Starting at the line that contains "Then we are", retype each line to the end of the listing below. Include both ends, but not the pictures.

....

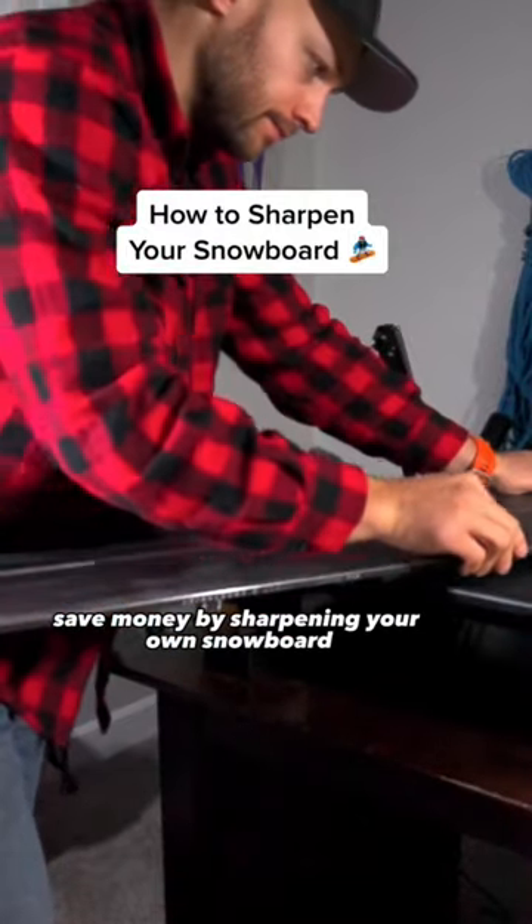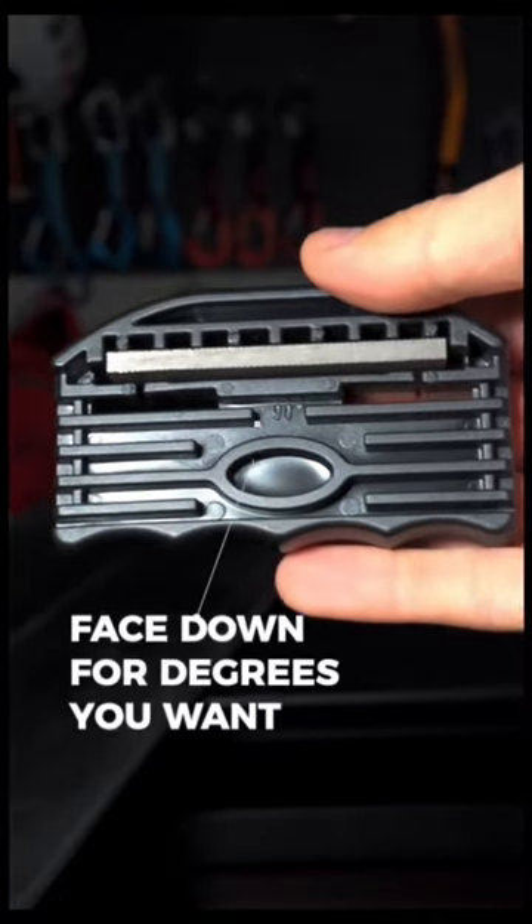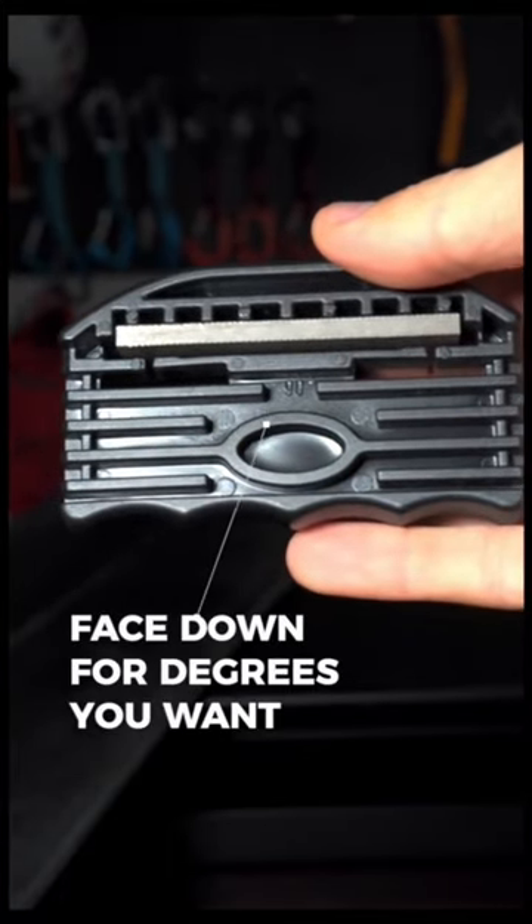Save money by sharpening your own snowboard. You're going to need some sort of tool like this. Whatever degrees you want to sharpen at, make sure it is facing down.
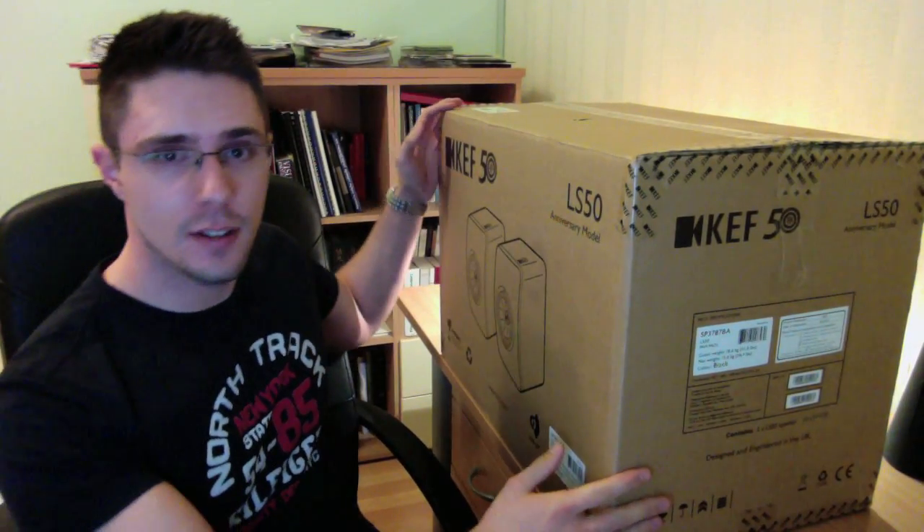Now, these speakers, as you can see by the dimensions of the box, they are bookshelf size and they are monitors and they are two-way speakers, so they have two drivers in one speaker.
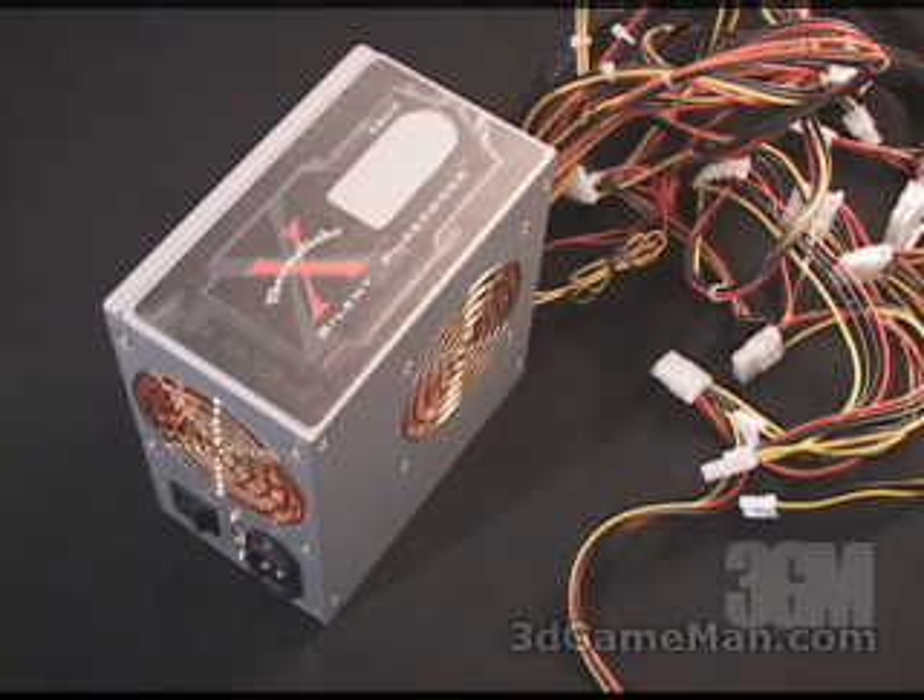This power supply is rated at 480 watts and peaks at 550 watts, which is more than adequate for most computer system needs.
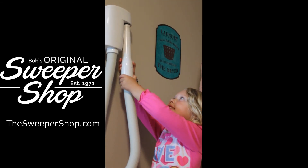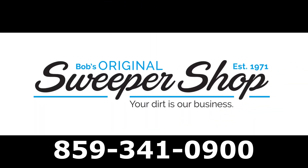So call the professionals at Bob's Original Sweeper Shop to see how you can get a WallyFlex in your home today.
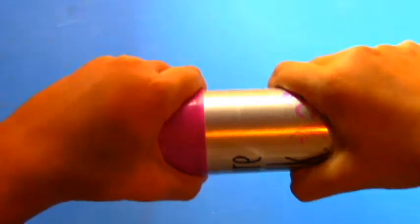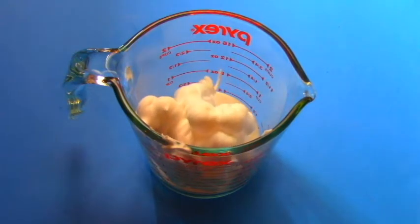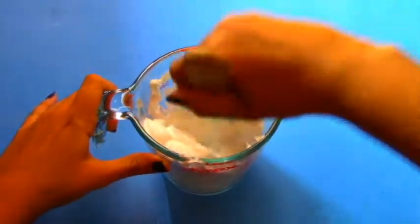Then we are going to next need some shaving cream. Put in about a handful of shaving cream in with the baking soda. These two ingredients together will create an endothermic reaction, causing the fake snow to be cold.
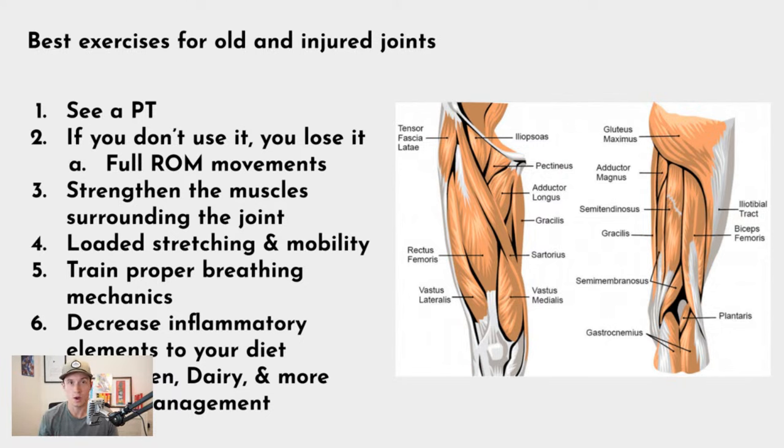Unless you had a specific traumatic injury, it's likely there's weakness or a muscle not doing its job either higher up the chain — knee to hip — or down the chain, knee to ankle. That's where flexibility, mobility, and strengthening the entire lower body becomes really helpful for the knees.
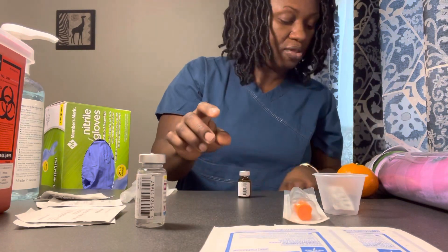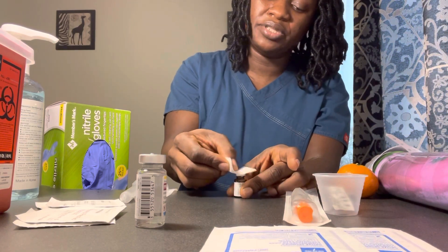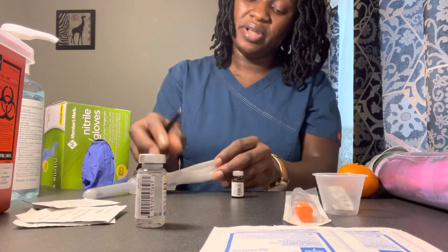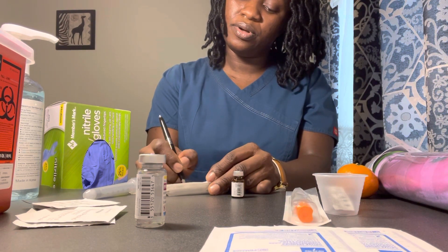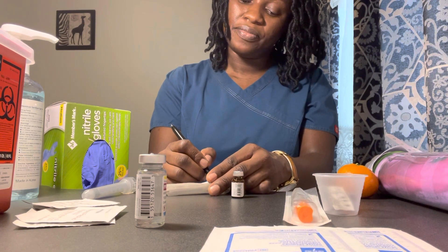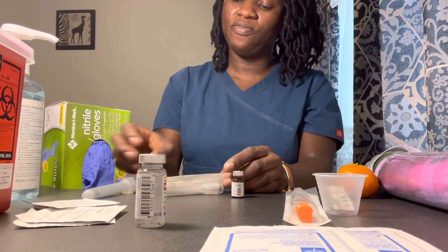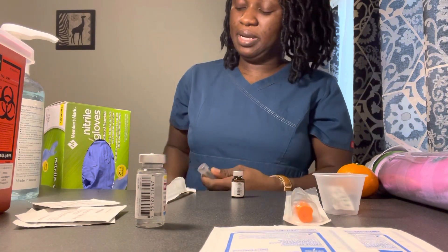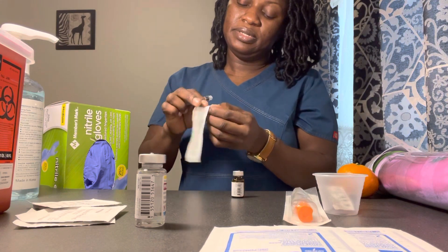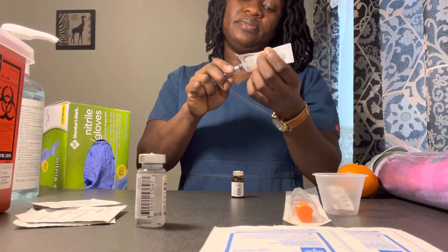I have my haloperidol two milligrams intramuscular. I have my alcohol swab — go ahead and clean the vial, make sure it's clean. On the pack I will write the name of the medication and dosage: haloperidol two milligrams IM. I am drawing 0.4 ml because my vial is 5 milligrams per 1 ml. I have my syringe with a 23-gauge needle.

....

**Result**
Then we are going to next need some shaving cream. Put in about a handful of shaving cream in with the baking soda. These two ingredients together will create an endothermic reaction, causing the fake snow to be cold.
Unless you had a specific traumatic injury, it's likely there's weakness or a muscle not doing its job either higher up the chain — knee to hip — or down the chain, knee to ankle. That's where flexibility, mobility, and strengthening the entire lower body becomes really helpful for the knees.
I have my haloperidol two milligrams intramuscular. I have my alcohol swab — go ahead and clean the vial, make sure it's clean. On the pack I will write the name of the medication and dosage: haloperidol two milligrams IM. I am drawing 0.4 ml because my vial is 5 milligrams per 1 ml. I have my syringe with a 23-gauge needle.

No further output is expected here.